I don’t know how or why Marcel’s ballroom duet was first published in London. He was still dancing at the Paris Opéra and must also have been teaching regularly in Paris (he had been elected to the Académie Royale de Danse in 1719). There is no record that Marcel ever visited London, although he and his teaching would become well known and much admired there. Only two other choreographies by him were published in notation, the Menuet Dauphin and the Menuet de la Reine, which were included in Magny’s Principes de Chorégraphie in 1765. Marcel was particularly renowned for his teaching of the minuet.

The music for The Prim Rose has the time signature 2 and structure AABB (A=4 B=6 making 80 bars of dance in all). Its step vocabulary is basic, although some steps (including the coupé and the pas de bourrée) do appear in a number of variants. For its figures, in addition to right lines with the dancers travelling up and down the dancing space and some circular lines, Marcel makes use of oblique (diagonal) lines. These add interest and (to my mind) help the dancers to keep track of where they are in the choreography.

Here is the first plate of The Prim Rose (the date has been added in manuscript):

The dancers begin facing the Presence according to convention but immediately turn to face each other for their first step. They don’t really face the Presence again until bar 48 and then only for the duration of a single pas assemblé. They do face each other up and down the dancing space for a number of figures, but the one nearest the Presence has their back turned and is directly opposite their partner who cannot readily be seen from the front. They only face the Presence together at the end of the dance, for the last two steps of the penultimate B section and then the final B in which they both dance backwards to end the choreography with a pas assemblé.

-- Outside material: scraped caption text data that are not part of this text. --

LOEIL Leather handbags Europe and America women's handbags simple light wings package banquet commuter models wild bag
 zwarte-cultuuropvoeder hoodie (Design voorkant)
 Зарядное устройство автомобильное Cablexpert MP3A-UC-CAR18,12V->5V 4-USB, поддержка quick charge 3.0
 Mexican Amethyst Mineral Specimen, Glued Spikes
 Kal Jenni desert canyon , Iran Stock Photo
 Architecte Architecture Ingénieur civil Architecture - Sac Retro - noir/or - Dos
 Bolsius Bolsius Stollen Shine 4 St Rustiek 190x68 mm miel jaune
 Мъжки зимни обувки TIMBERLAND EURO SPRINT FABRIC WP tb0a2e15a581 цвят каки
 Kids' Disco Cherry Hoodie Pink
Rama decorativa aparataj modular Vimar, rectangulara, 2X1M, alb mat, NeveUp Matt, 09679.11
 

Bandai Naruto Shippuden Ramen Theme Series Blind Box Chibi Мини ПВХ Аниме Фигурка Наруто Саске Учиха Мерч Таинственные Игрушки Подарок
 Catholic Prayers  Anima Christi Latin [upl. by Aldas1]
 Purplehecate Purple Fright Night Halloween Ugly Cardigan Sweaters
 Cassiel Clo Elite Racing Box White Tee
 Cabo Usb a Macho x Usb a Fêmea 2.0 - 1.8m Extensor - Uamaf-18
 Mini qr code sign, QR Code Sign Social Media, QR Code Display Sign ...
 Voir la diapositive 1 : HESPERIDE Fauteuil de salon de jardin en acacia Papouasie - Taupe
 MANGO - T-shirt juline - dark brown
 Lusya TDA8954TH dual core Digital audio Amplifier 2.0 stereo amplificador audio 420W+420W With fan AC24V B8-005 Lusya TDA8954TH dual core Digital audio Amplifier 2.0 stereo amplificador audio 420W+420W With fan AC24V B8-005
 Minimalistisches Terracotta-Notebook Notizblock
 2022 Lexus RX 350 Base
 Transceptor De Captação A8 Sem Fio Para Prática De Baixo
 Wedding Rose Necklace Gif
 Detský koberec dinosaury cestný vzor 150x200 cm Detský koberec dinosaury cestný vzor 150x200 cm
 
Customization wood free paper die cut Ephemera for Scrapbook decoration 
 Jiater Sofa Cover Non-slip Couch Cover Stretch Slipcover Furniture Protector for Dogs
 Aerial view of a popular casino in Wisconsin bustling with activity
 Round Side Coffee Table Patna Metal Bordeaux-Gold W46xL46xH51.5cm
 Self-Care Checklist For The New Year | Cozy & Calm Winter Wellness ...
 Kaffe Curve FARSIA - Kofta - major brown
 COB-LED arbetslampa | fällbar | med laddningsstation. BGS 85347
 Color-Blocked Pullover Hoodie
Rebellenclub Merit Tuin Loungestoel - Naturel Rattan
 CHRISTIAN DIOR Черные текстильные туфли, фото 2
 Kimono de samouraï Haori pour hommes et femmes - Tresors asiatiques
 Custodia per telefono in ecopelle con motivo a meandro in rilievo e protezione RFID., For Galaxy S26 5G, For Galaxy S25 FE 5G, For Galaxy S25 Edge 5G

Another feature of this choreography are sequences in which one dancer moves backwards and the other forwards. Here is the first of these:

This the second AA, in which the dancers perform a variant on the pas de bourrée towards each other and then the woman travels backwards with a variant pas de bourrée, a contretemps and a pas assemblé as the man travels forwards with the same steps. They then change roles, repeating their steps with the man dancing backwards as the woman comes forwards. This figure can really only be seen from the sides of the dancing space. The concluding B of the following BB section has the two dancers on a diagonal ready to perform an oblique line. They travel towards each other for three bars and then the man continues to advance while the woman retreats. This figure is visible to the Presence as well as from the sides of the dancing space.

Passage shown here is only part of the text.